Thursday, 3 March 2011


Year: 1982
Director: Tobe Hooper
Screenplay: Steven Spielberg, Michael Grais and Mark Victor, from a story by Steven Spielberg
Starring: Craig T. Nelson, JoBeth Williams, Beatrice Straight, Dominique Dunne, Oliver Robins, Heather O'Rourke, Martin Casella, Richard Lawson, Zelda Rubinstein
Running Time: 114 minutes
Genre: Horror, supernatural

Summary: The Freeling family, estate agent Steve (Nelson) his homemaker wife Diane (Williams) and their children sixteen year old Dana (Dunne), eight year old Robbie (Robins) and five year old Carole-Anne (O'Rourke), live in a bland quiet California suburb where kids play with remote control cars on the streets, guys have their friends round to drink beer and watch the game, family breakfasts resemble a warzone and the parents indulge in a nice relaxing toke of weed when the kids are in bed.
However, Carole-Anne seems preoccupied by the ghostly "TV People" which only she can see and hear in the static of the family's television sets. Eventually the seemingly benevolent ghosts emerge from the TV set and enter the structure of the house. However one night, during a thunder storm, Robbie is attacked by the strange old tree in the front lawn and the ghosts snatch Carole-Anne, taking her through a portal in her closet. However, her family can still hear Carole-Anne's echoing voice through the static of their TV set.
With the family constantly plagued by a barrage of supernatural forces they become increasingly desperate in their attempts to save their daughter and put an end to the strange events.

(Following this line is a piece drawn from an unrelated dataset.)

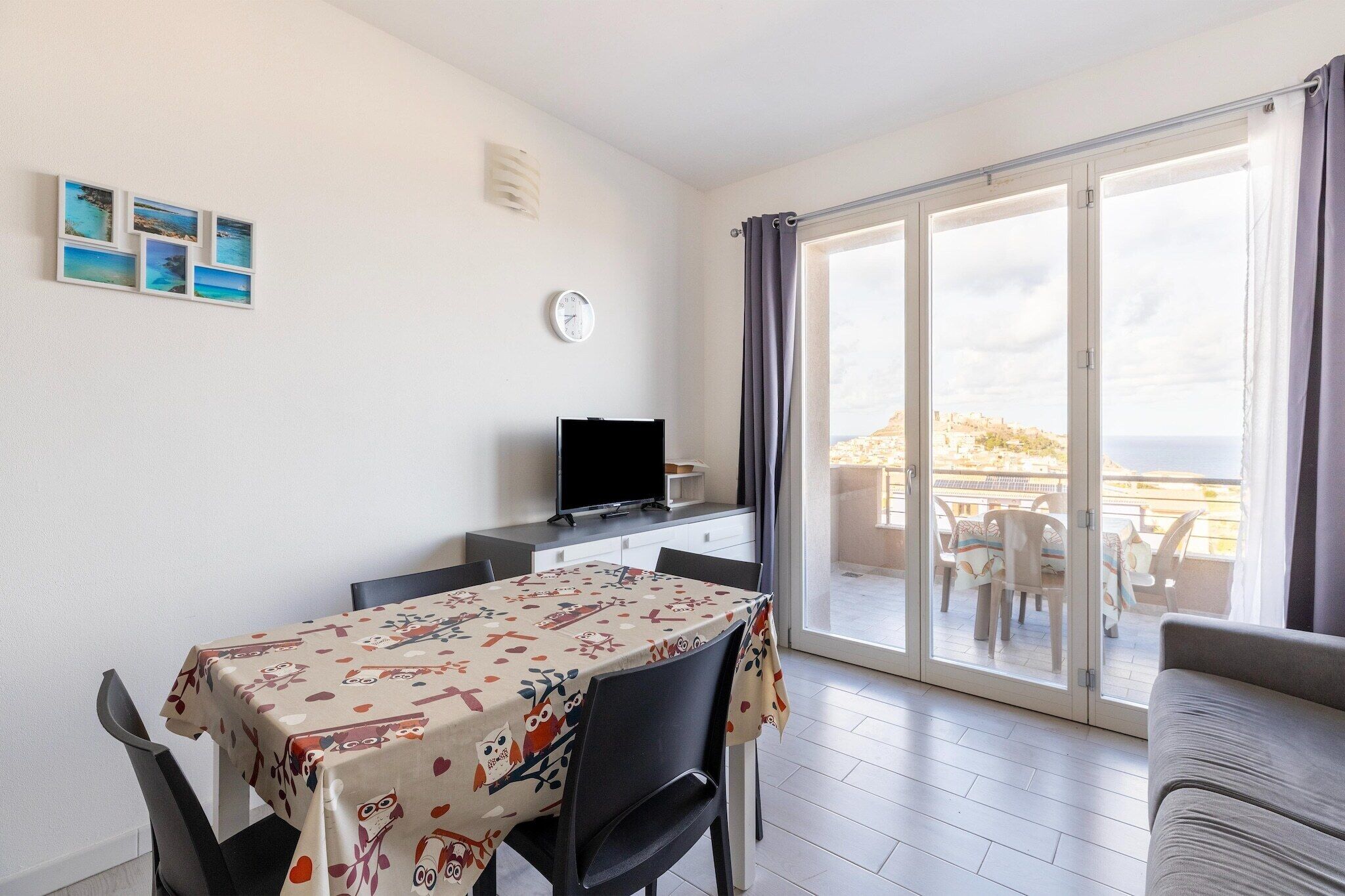 A room with a dining table, chairs, a television, a clock, and a balcony with a view.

Opinions: This movie is credited as being directed by Tobe Hooper (best known as the director of The Texas Chain Saw Massacre (1974)) however it is widely believed that the film's co-writer and co-producer Steven Spielberg also acted as co-director. Over the years members of the film's cast and crew have claimed different things as to how much of the film, if any, was directed by Spielberg and how much was Hooper's. Whatever the truth of the matter, this is a Steven Spielberg film. Everything about it has his stamp: The cluttered seemingly safe suburban environment, the mix of sentiment and horror, the sense of playfulness with the thrills, the otherworldly forces being viewed with a genuine sense of wonder as well as fear and also the John Williams score. In fact the film could be seen as a darker companion piece to E.T. the Extra-Terrestrial (1982), another Steven Spielberg film about an otherworldly visitor encountering a suburban family, however while the alien in E.T. is friendly, the ghosts in Poltergeist most definitely aren't. In fact the two films were released a week apart in June 1982.
This is horror as a ghost-train ride. It's fun, there's intentional humour, there are plenty of thrills. The special effects are good and it's scary enough for the duration of the movie, but it's unlikely to prey on anyone's mind much once the credits have rolled. Also, although there is some gore, things never get too nasty (presumably due to Spielberg's influence). In fact, possibly the most Tobe Hooper sequence is the one where rotting cadavers and skeletons pop up out of the ground.
The film's storyline bears some slight similarity to a 1962 episode of The Twilight Zone called "Little Girl Lost" written by Richard Matheson, about a young girl who slips into another dimension and, in her house, her parents can hear her calling, but can't find her.
Part of why the film is effective is the fact that the long opening passage, before the supernatural elements kick in, while a little too cutesy, does establish the background and the family dynamic. The film was a huge success, and in my opinion part of the success was due, as with Stephen King novels, to the fact that the horror elements were moved to an instantly relateable and recognisable world. Instead of a creepy, decaying old mansion, the haunted house here was an ordinary non-descript suburban family home in a new, pleasantly dull housing development.
The film has become notorious for being supposedly cursed after several cast members of this film and it's two sequels, including Dominique Dunne and Heather O'Rourke, met untimely deaths. Some have attributed the curse to the fact that real skeletons were used in a scene. Of course it is all more likely to be just a tragic coincidence.
Howeverm the film remains an enjoyable and entertaining chill ride for fans and non-horror fans alike.